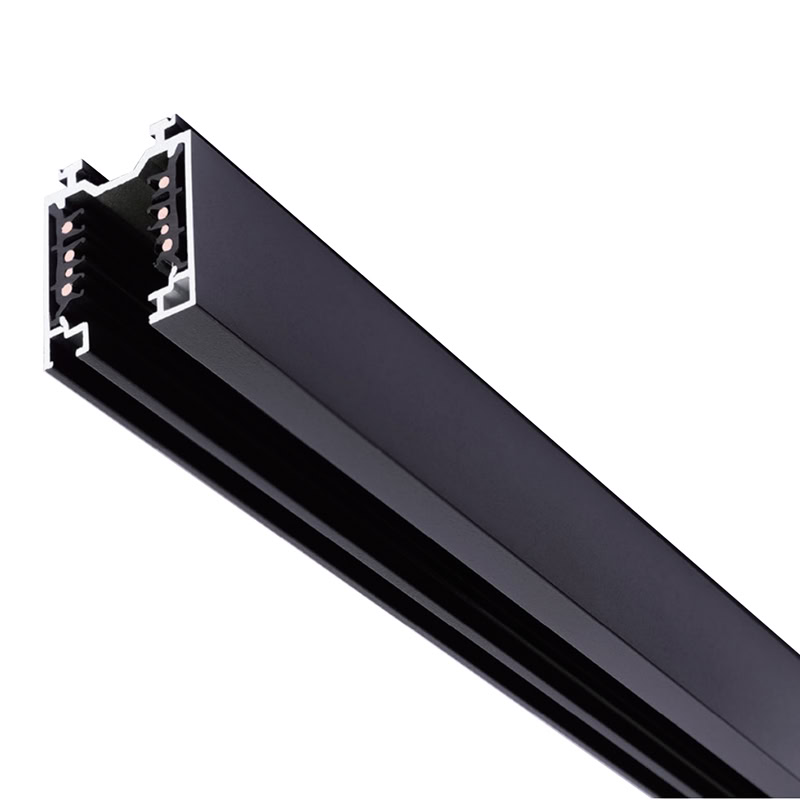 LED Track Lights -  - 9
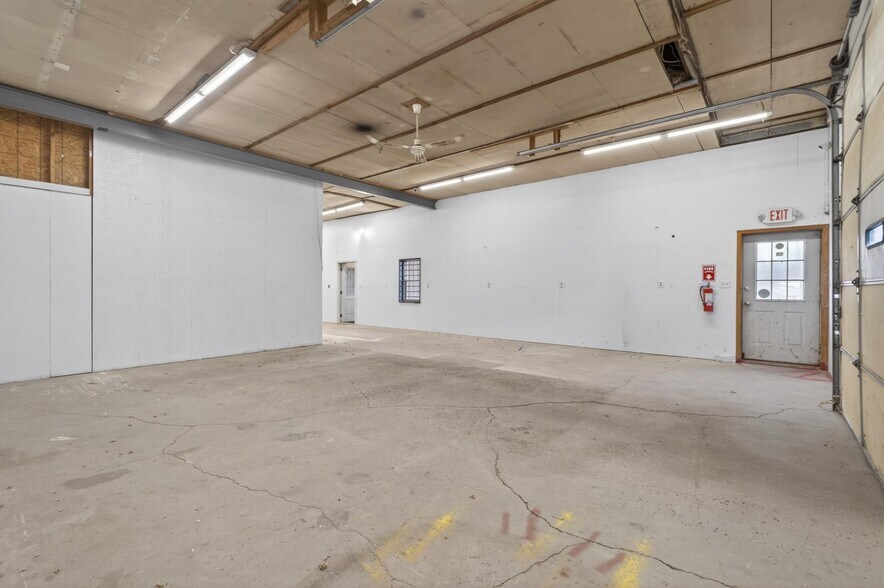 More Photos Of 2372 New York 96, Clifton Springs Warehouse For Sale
**********
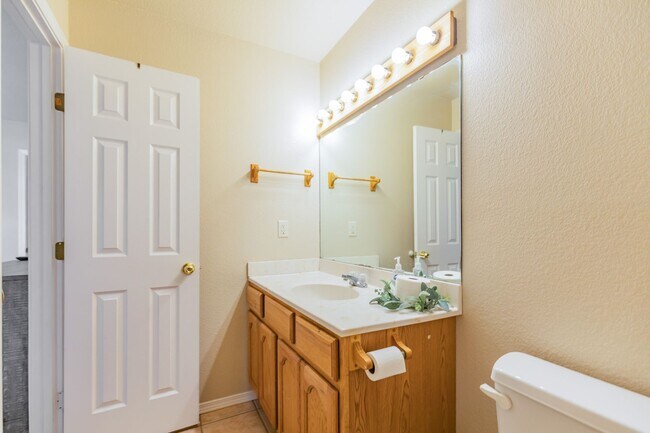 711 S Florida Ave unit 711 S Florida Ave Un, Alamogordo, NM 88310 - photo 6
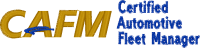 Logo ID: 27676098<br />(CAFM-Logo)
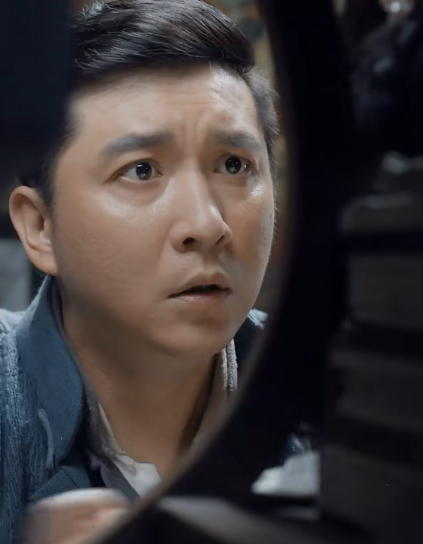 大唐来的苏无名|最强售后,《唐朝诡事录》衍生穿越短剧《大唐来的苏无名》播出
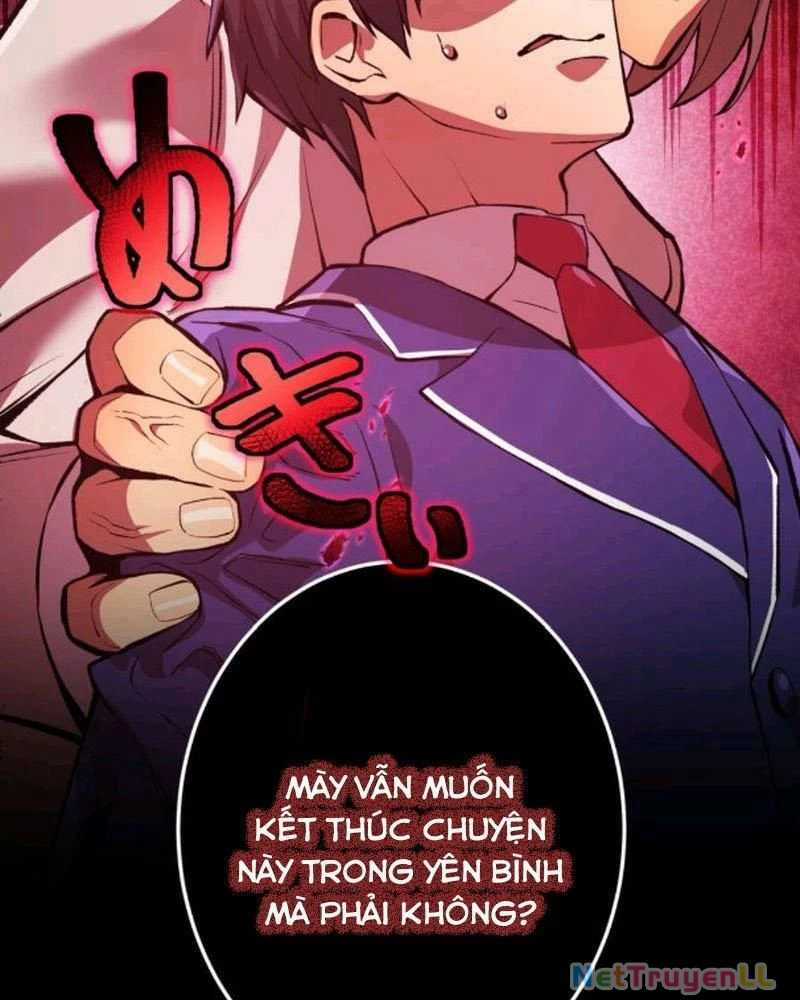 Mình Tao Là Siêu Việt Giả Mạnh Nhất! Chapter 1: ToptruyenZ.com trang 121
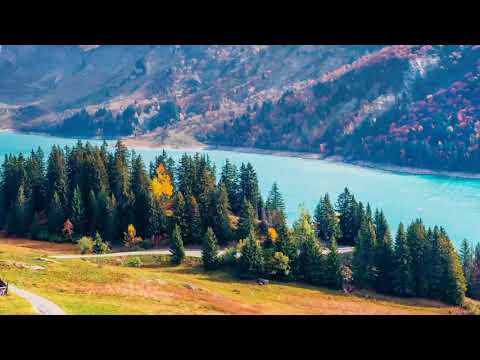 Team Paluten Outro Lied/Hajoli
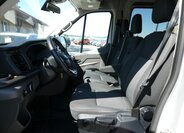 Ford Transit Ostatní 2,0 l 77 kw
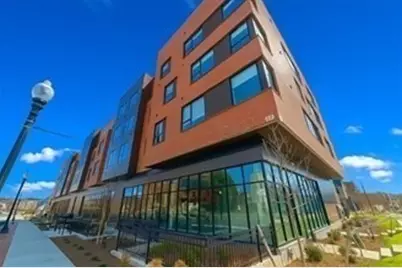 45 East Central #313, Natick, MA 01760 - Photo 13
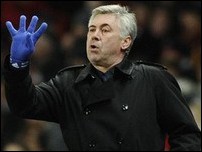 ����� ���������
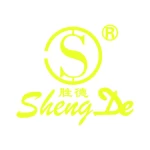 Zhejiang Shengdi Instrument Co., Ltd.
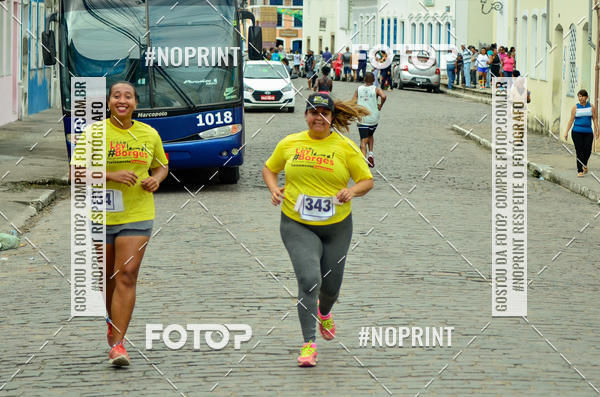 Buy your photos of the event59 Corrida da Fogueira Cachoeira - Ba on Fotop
**********
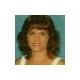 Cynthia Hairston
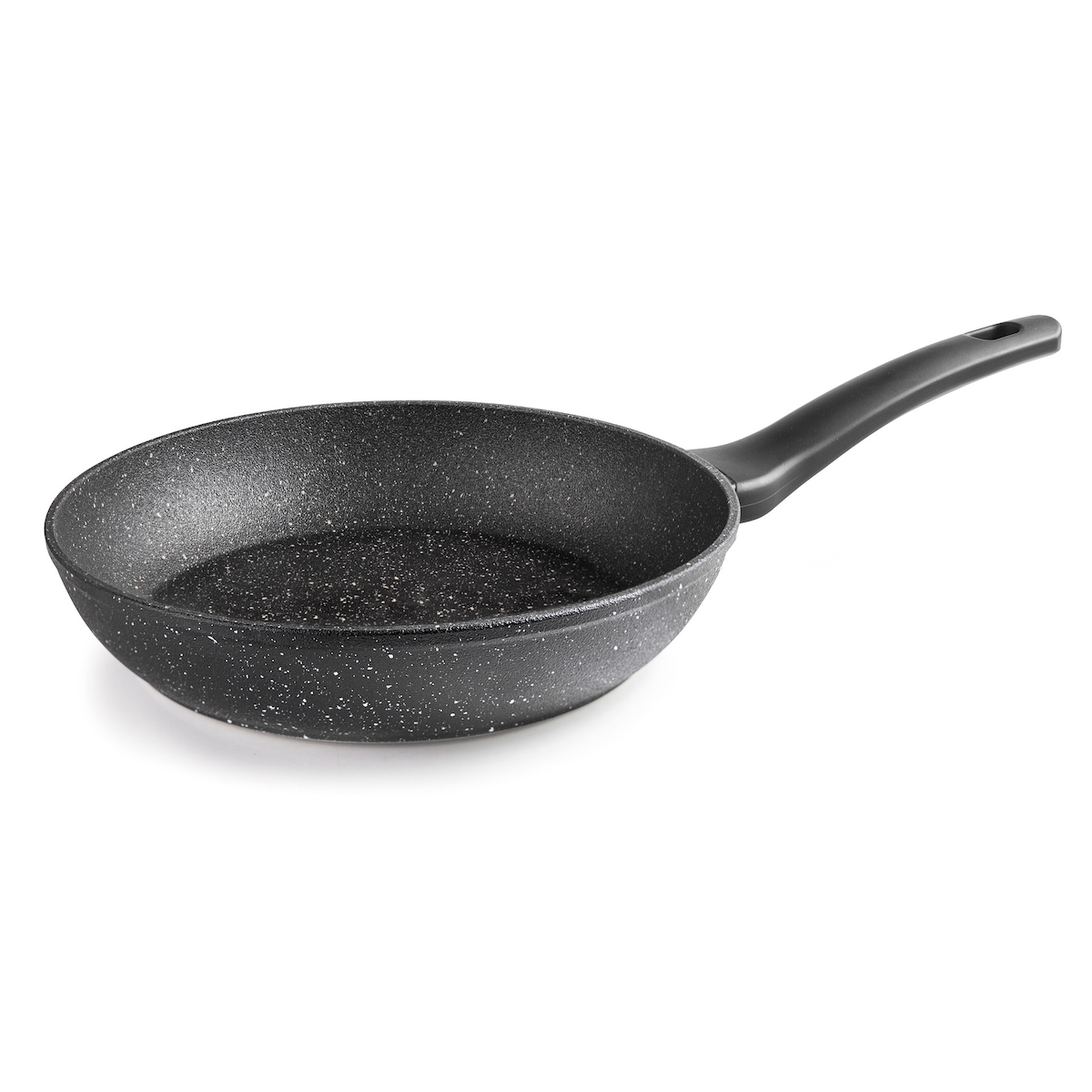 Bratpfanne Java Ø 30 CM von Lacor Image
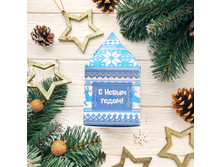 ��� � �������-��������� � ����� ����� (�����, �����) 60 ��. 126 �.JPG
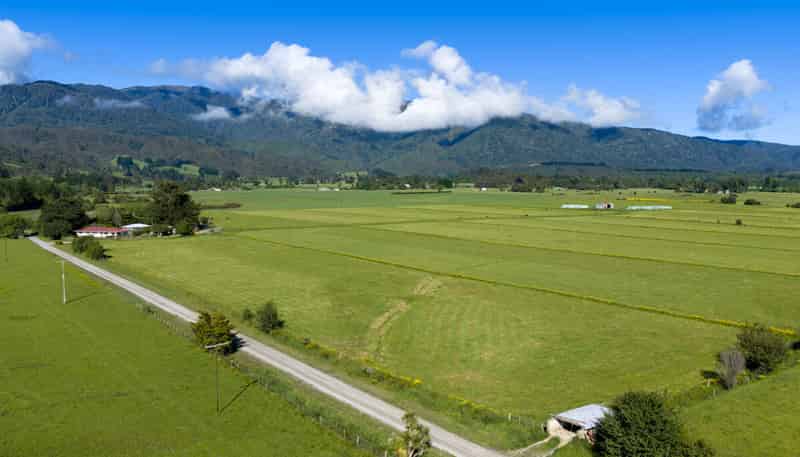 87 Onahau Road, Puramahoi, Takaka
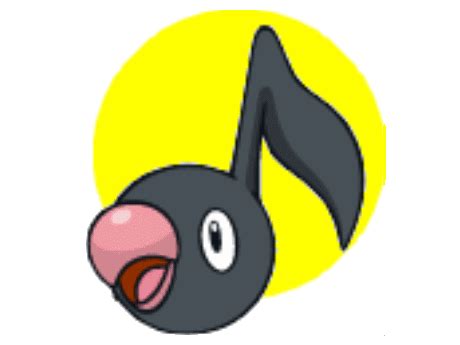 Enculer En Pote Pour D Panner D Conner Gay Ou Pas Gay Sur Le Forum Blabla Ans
**********
WHAT IS EXPECTED
Transcribe, word for word, the lines of the listing above from the one that contains "Team Paluten Outro Lied/Hajoli" through the one that contains "Buy your photos", keeping both ends and dropping the pictures.

RESULT OF THIS TASK
 Team Paluten Outro Lied/Hajoli
 Ford Transit Ostatní 2,0 l 77 kw
 45 East Central #313, Natick, MA 01760 - Photo 13
 ����� ���������
 Zhejiang Shengdi Instrument Co., Ltd.
 Buy your photos of the event59 Corrida da Fogueira Cachoeira - Ba on Fotop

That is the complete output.